**Exercise requirements:** This exercise calls for the whole listing to be given again exactly, without images.

= Beginning of Section =

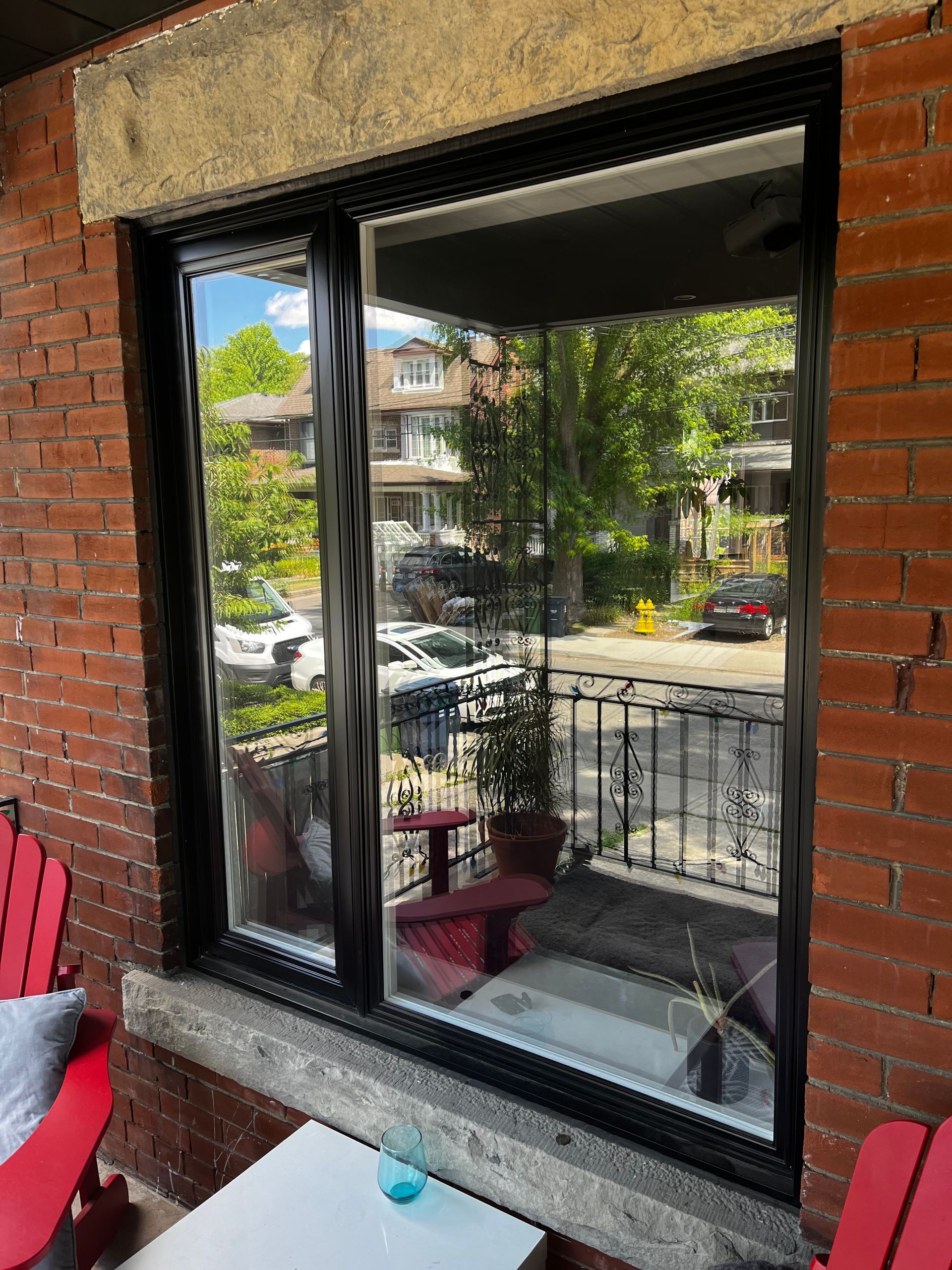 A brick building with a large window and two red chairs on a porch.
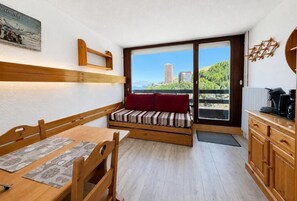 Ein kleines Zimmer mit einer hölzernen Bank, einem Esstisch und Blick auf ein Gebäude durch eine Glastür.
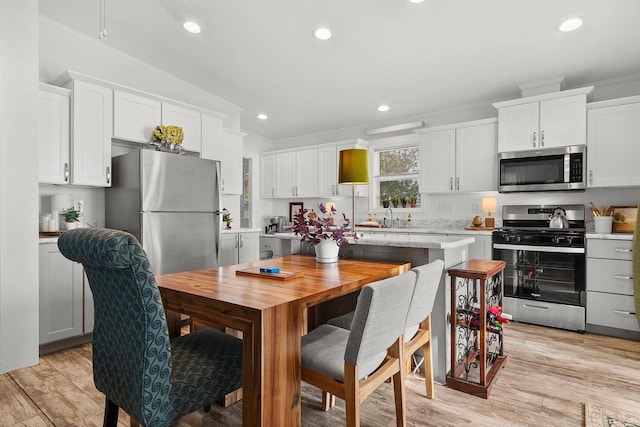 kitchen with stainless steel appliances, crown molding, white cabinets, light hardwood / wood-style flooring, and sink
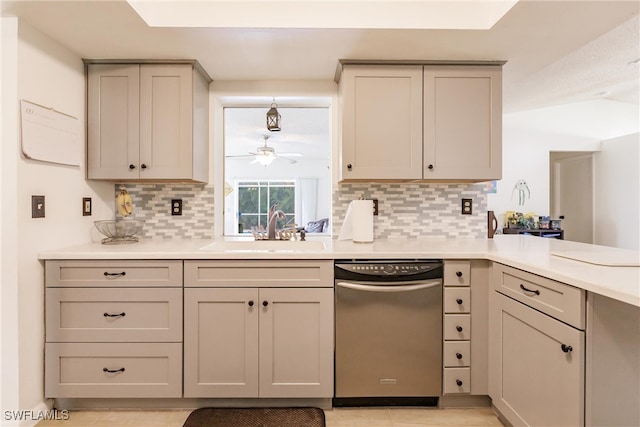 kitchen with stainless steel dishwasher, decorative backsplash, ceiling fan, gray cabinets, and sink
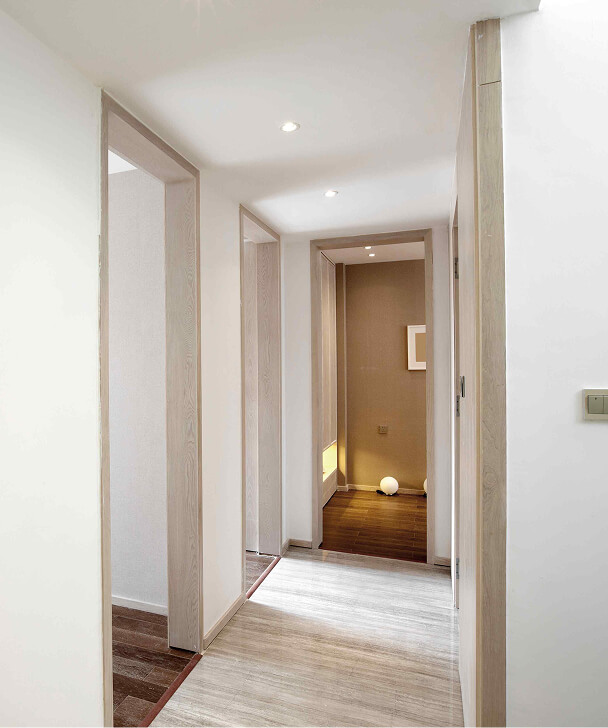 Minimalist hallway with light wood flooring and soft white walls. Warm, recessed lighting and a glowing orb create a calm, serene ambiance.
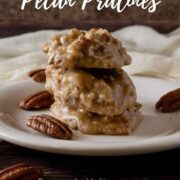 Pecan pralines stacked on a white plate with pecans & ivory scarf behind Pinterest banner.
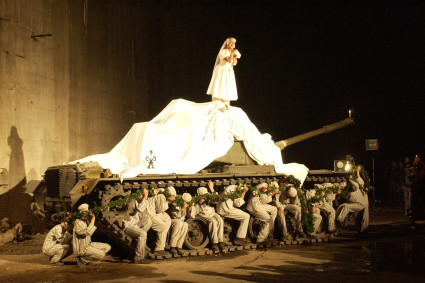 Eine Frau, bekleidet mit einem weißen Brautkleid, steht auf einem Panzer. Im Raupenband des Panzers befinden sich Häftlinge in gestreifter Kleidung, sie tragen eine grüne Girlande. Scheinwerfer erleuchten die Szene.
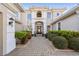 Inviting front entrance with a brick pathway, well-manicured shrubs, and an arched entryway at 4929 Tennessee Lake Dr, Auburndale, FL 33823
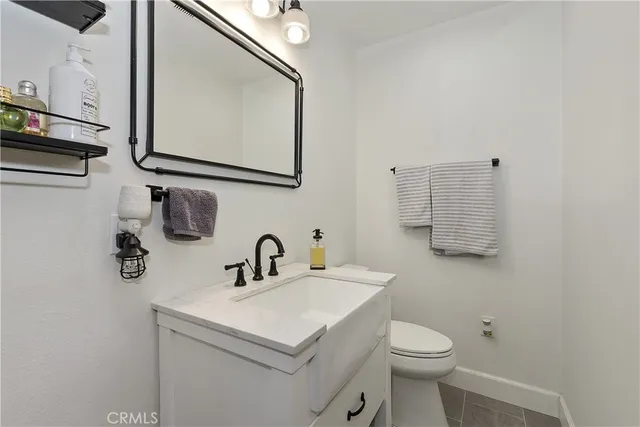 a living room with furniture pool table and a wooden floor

= End of Section =

**Problem solution:**
 A brick building with a large window and two red chairs on a porch.
 Ein kleines Zimmer mit einer hölzernen Bank, einem Esstisch und Blick auf ein Gebäude durch eine Glastür.
 kitchen with stainless steel appliances, crown molding, white cabinets, light hardwood / wood-style flooring, and sink
 kitchen with stainless steel dishwasher, decorative backsplash, ceiling fan, gray cabinets, and sink
 Minimalist hallway with light wood flooring and soft white walls. Warm, recessed lighting and a glowing orb create a calm, serene ambiance.
 Pecan pralines stacked on a white plate with pecans & ivory scarf behind Pinterest banner.
 Eine Frau, bekleidet mit einem weißen Brautkleid, steht auf einem Panzer. Im Raupenband des Panzers befinden sich Häftlinge in gestreifter Kleidung, sie tragen eine grüne Girlande. Scheinwerfer erleuchten die Szene.
 Inviting front entrance with a brick pathway, well-manicured shrubs, and an arched entryway at 4929 Tennessee Lake Dr, Auburndale, FL 33823
 a living room with furniture pool table and a wooden floor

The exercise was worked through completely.